Mein Kind und ich sind chronisch krank, mein Kind schwer pflegebedürftig.
Ich bin alleinerziehend, noch berufstätig und komplett überfordert.
ich bin privat krankenversichert und habe eine Apotheke, die mir meine Medikamente im voraus liefert, Rezepe reiche ich zur Quittierung nach und reiche sie dann bei meiner Krankenversicherung ein. Die Beträge belaufen sich fast zweimonatl. auf über 10.000 Euro.
Leider hat mir meine Apotheke mehrfach nur einfache Mengen quittiert, obwohl ich meiner Meinung nach die doppelte Menge bekommen und bezahlt habe. Ich habe leider dann auf dem Rezept, wo die doppelte Menge vom Arzt verordnet war, die einfache menge von der Apotheke quittiert in die doppelte wie vom Arzt verordnet
abgeändert.
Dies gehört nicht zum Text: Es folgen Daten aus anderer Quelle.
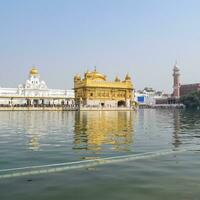 schön Aussicht von golden Tempel - - Harmandir sahib im Amritsar, Punjab, Indien, berühmt indisch Sikh Wahrzeichen, golden Tempel, das Main Heiligtum von sikhs im Amritsar, Indien foto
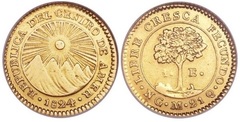 1 escudo (Guatemala) from Rep. Central America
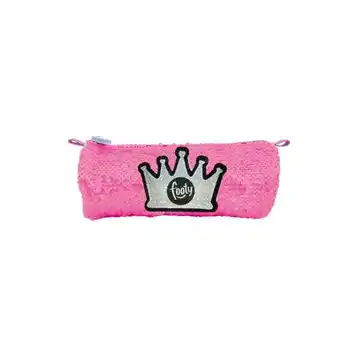 

Fuchsia Crown case with sequins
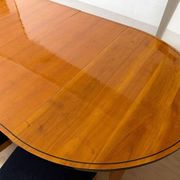 Table Biedermeier extensible en bois de cerisier, sud de l'Allemagne, 1880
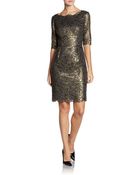 Shoshanna Minka Metallic Lace Dress - Lyst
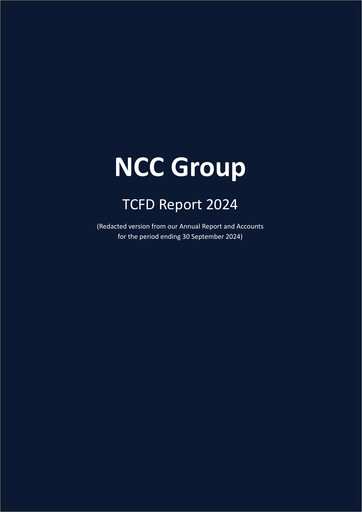 Thumbnail NCC Group plc ESG Report 2024
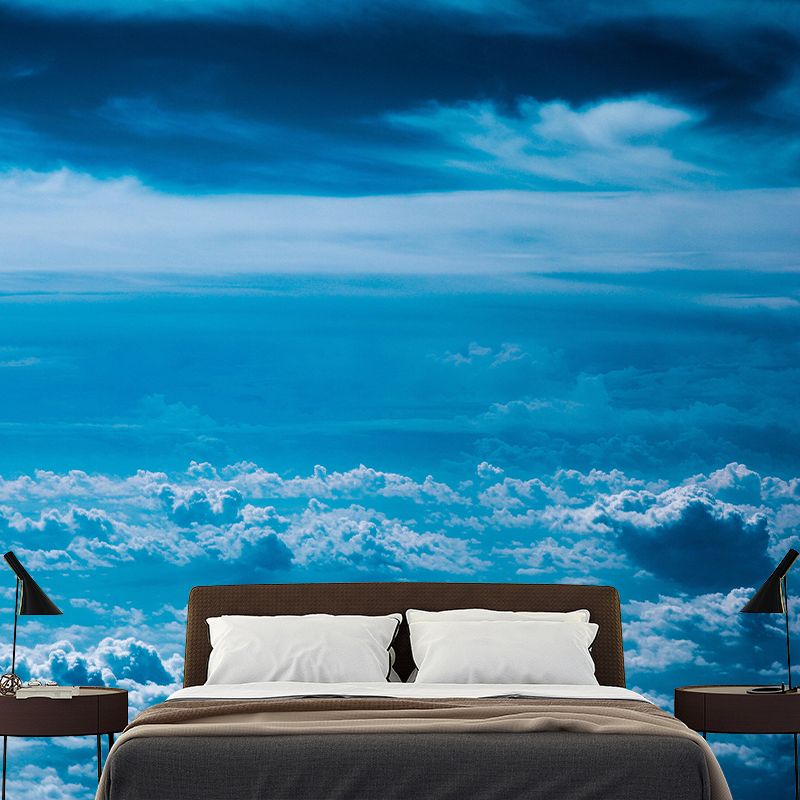 Sky Blue Style Sky Wall Mural Wallpaper Photography Mildew Resistant for Room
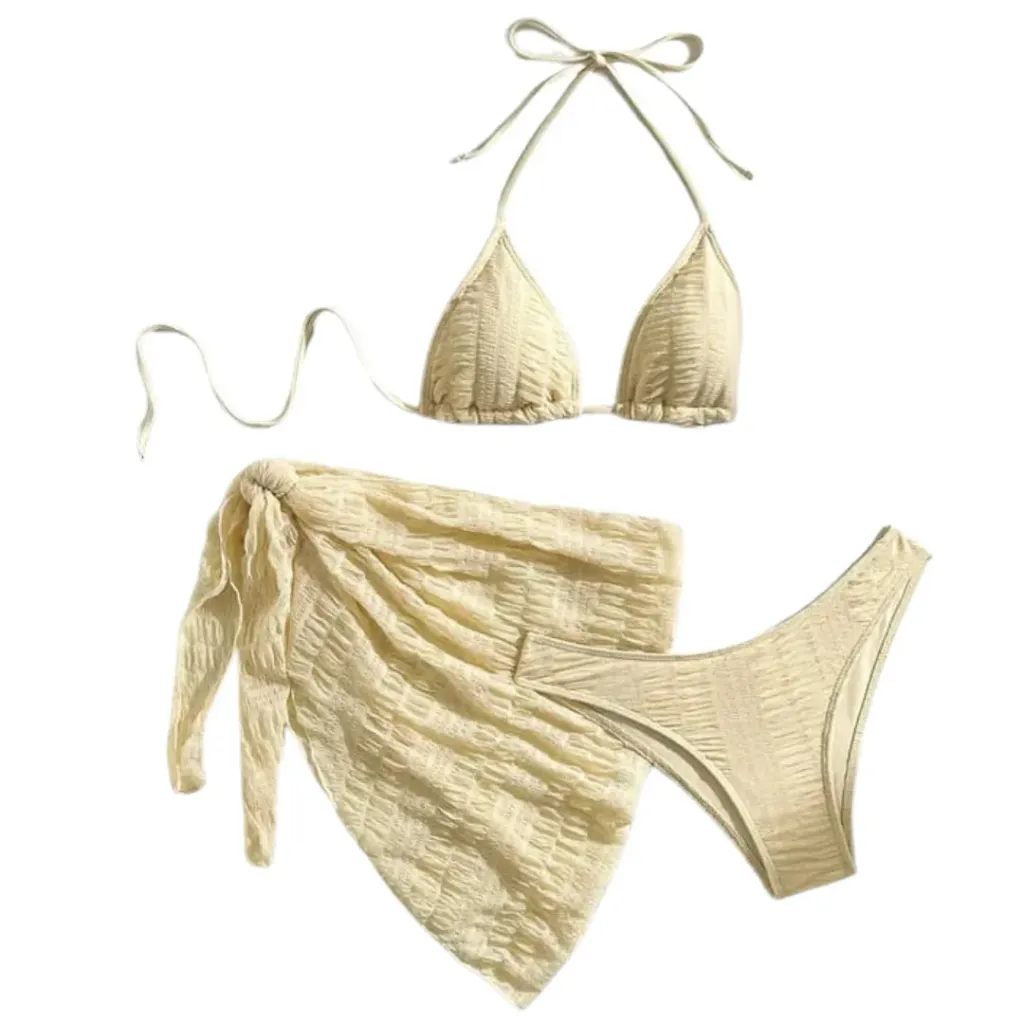 Traje de Baño 3 Pz C Beige T S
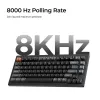Mechanická klávesnica Keychron V1 Ultra 8K — 75 % QWERTY, Bluetooth, káblová, RGB, čierna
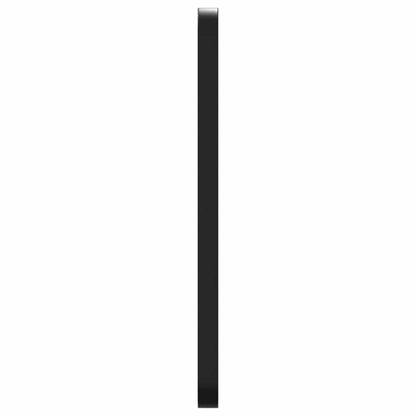 Väggspegel Svart 50x60 cm rektangulär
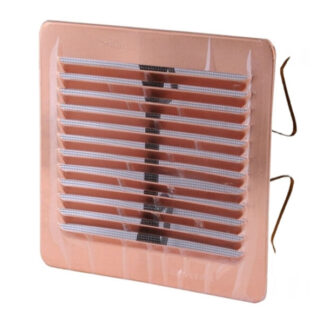 GRIGLIA RAME 228x228   RETE 160/200 MOLLE LAMR2323RA-Y GRIGLIE AREAZIONE            F LA VENTILAZIONE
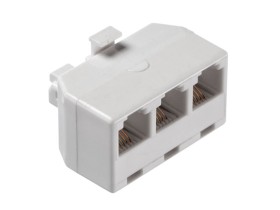 Переходник телефонный штекер RJ11 (6p4c) на три гнезда RJ11 (6p4c), NETKO Optima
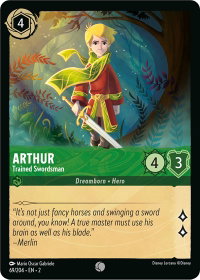 Arthur - Trained Swordsman - Rise of the Floodborn (2) #69/204 - Common Disney Lorcana Trading Card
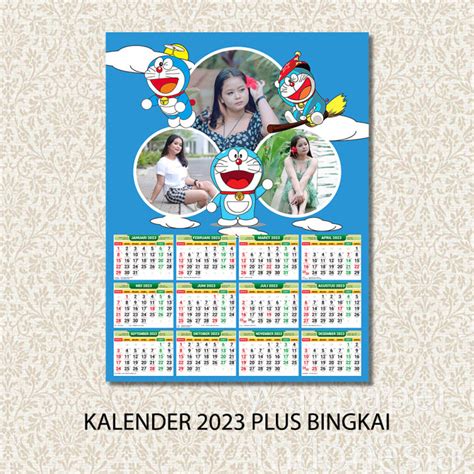 Kalender 2023 Custom Foto Plus Bingkai Kalender Custom Foto Kalender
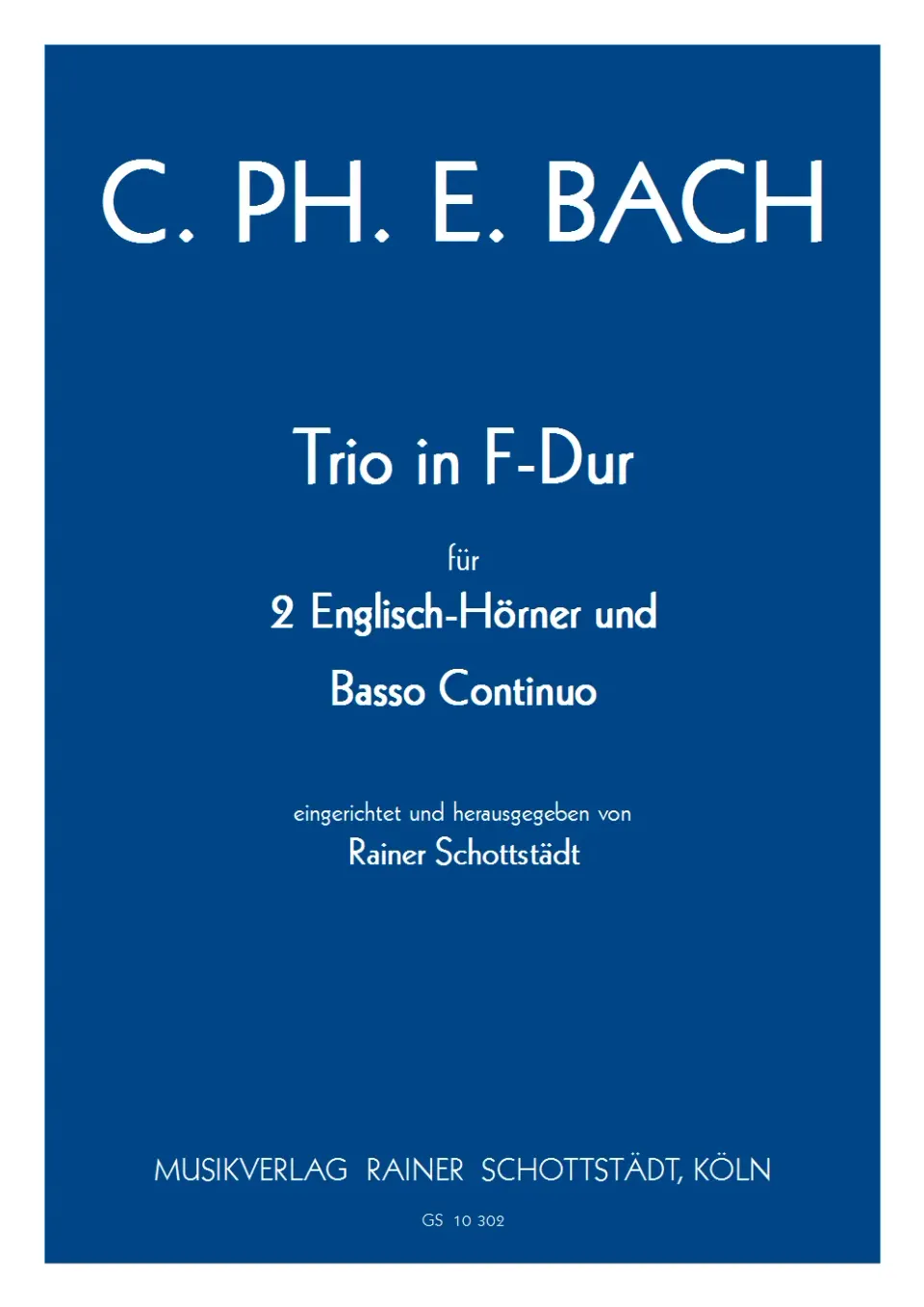 Musikverlag Rainer Schottstädt Trio F-dur Trio für zwei Oboen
Ich hatte aber zu keiner Zeit eine betrugsabsicht, da ich der festen überzeugung war, dass ich die medikamente bekommen und auch bezahlt hatte. ich habe nur in dem ganzen Medikamentenchaos(wir nehmen ca. 17 Medikamente täglich) den überblick verloren.
Dies ist jetzt meiner KV aufgefallen und ich muss zu einem persönlichen Gespräch dorthin.
Frage: habe ich eine Urkundenfälschung begangen?
War das ein Betrug, obwohl ich ich nicht mehr bekommen wollte, als ich auch bezahlt habe?
Kann die Private Versicherung meinen Vertrag kündigen, was bei meiner chronischen Erkrankung fatal wäre.
Wie soll ich mich in dem Gespräch verhalten?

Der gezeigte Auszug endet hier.